Member of the Mississippi State Senate from the 35th district
- In office January 1924 – January 1928
- Preceded by: B. E. Wilson
- In office January 1916 – January 1918
- Succeeded by: Joseph N. Brown

Member of the Mississippi House of Representatives from the DeSoto County district
- In office January 1912 – January 1916

Personal details
- Born: February 12, 1885 near Horn Lake, Mississippi, U.S.
- Died: September 2, 1956 (aged 71) Hernando, Mississippi, U.S.
- Party: Democratic

= John W. Barbee =

American politician (1885–1956)

John Wesley Barbee Jr. (February 12, 1885 - September 2, 1956) was an American lawyer and Democratic politician. He was a member of the Mississippi Legislature from DeSoto County in the 1910s and 1920s.

== Early life ==
John Wesley Barbee Jr. was born on February 12, 1885, near Horn Lake, Mississippi. He was the son of John Wesley Barbee Sr., a former Ku Klux Klan member and Sheriff of DeSoto County, and Isabella McKamy (Frazier) Barbee. He was of Irish and Scottish descent.

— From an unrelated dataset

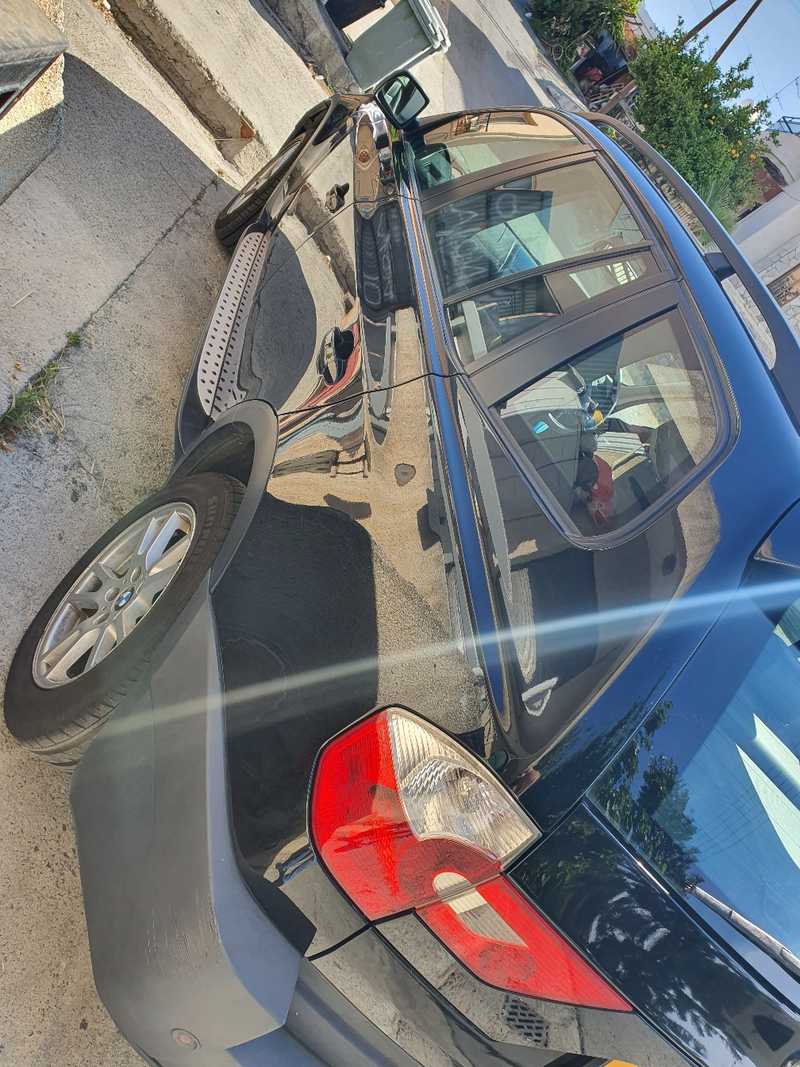 2006 BMW X3 1,9L 2006 Cyprus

Barbee attended the public schools of DeSoto County before entering Bethel College in 1900. He spent one year (1902) at Mississippi A&M and graduated from Bethel with a B. S. degree in 1905. He then attended Cumberland University and received a L. L. B. degree in 1910.

== Professional career ==
Barbee started practicing law in May 1911. In November 1911, Barbee was elected to represent DeSoto County in the Mississippi House of Representatives, and he served from 1912 to 1916. In November 1915, Barbee was elected to represent the 35th District in the Mississippi State Senate for the 1916-1920 term. During his service, he was the Chairman of the Senate's Military Affairs Committee. In 1916, Barbee was a delegate to the year's Democratic National Convention. In 1917, when he was elected to the office of County Attorney of DeSoto County, Barbee resigned from the Senate and was replaced by Joseph Neal Brown. In 1923, Barbee was re-elected to the Senate for the 1924-1928 term. He was appointed to be a special State Circuit Court judge from September to November, 1926. From 1943 to 1948, he was the sheriff of DeSoto County.

== Personal life and death ==
Barbee was a member of the Presbyterian Church, and he was also a Freemason and a Knight of Pythias. He was a member of the Pi Kappa Alpha fraternity during college. He married Cora Edna Seitz in 1923. Barbee died after a long illness on September 2, 1956, in Hernando, Mississippi.